Маргиналы и люмпены, массово вброшенные в годы войны в ряды настоящих пролетариев, были полностью лояльны к большевистскому режиму, ибо тот осуществил их самые заветные чаяния — работать поменьше, а лучше совсем не трудиться, зато получать побольше.
И правильно — разница всегда есть, согласно диалектическому материализму. Или быть в чистой одежде, с хлебушком ситным на обед, с наганом в кобуре, числясь в заводском комитете, или пахать у станка, на перловке, сваренной на воде, без капли жира.
Такая политика вызвала серьезное недовольство квалифицированных мастеровых, вот только за чернорабочими стояли большевики. И крови они не боялись, уже в ноябре 1917 года разогнав пулеметным огнем рабочие демонстрации в поддержку Учредительного Собрания.
Дальше — больше.

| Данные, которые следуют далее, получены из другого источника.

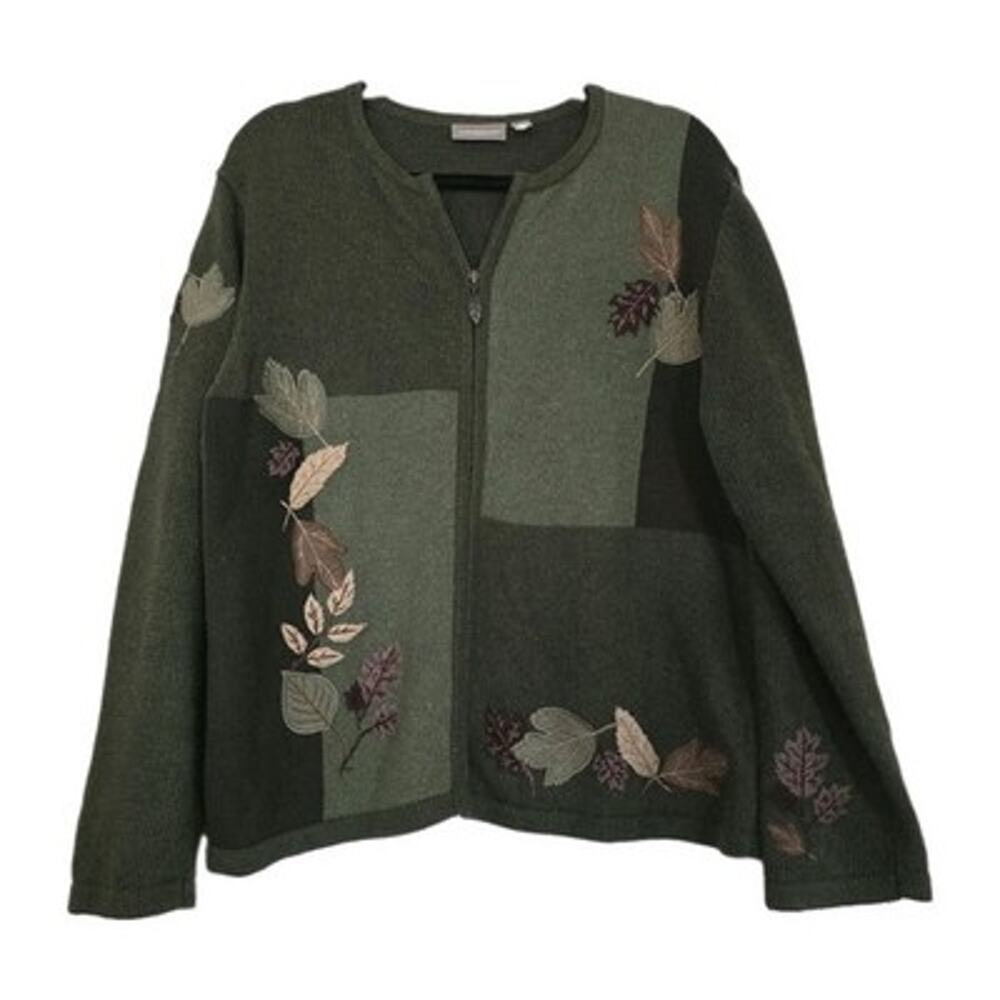 Vintage Fall Leaf Full Zip Sweater Womens XL Green Cottage Grandmacore Hobbit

Рабочих, не желающих трудиться бесплатно, в порядке революционной сознательности, затянувшимся на годы «военного коммунизма» бесконечном «субботнике», просто заставили встать к своим станкам открытым террором — ведь всякая революция — это война, которая ненасытно требует патронов и снарядов, винтовок и пулеметов, сапог, револьверов и орудийных лафетов.
А где их взять прикажите, если все царские склады за три года советской власти опустошили?!
Потому большевики учредили революционные тройки, из ответственного партийца, члена трибунала и чекиста, которые, не утруждаясь даже видимостью «социалистической законности», выносили расстрельные приговоры злостным «саботажникам и лодырям». Других же просто мобилизовали и приставили обратно к станкам, но уже под угрозой смертной казни за попытку побега с предприятия.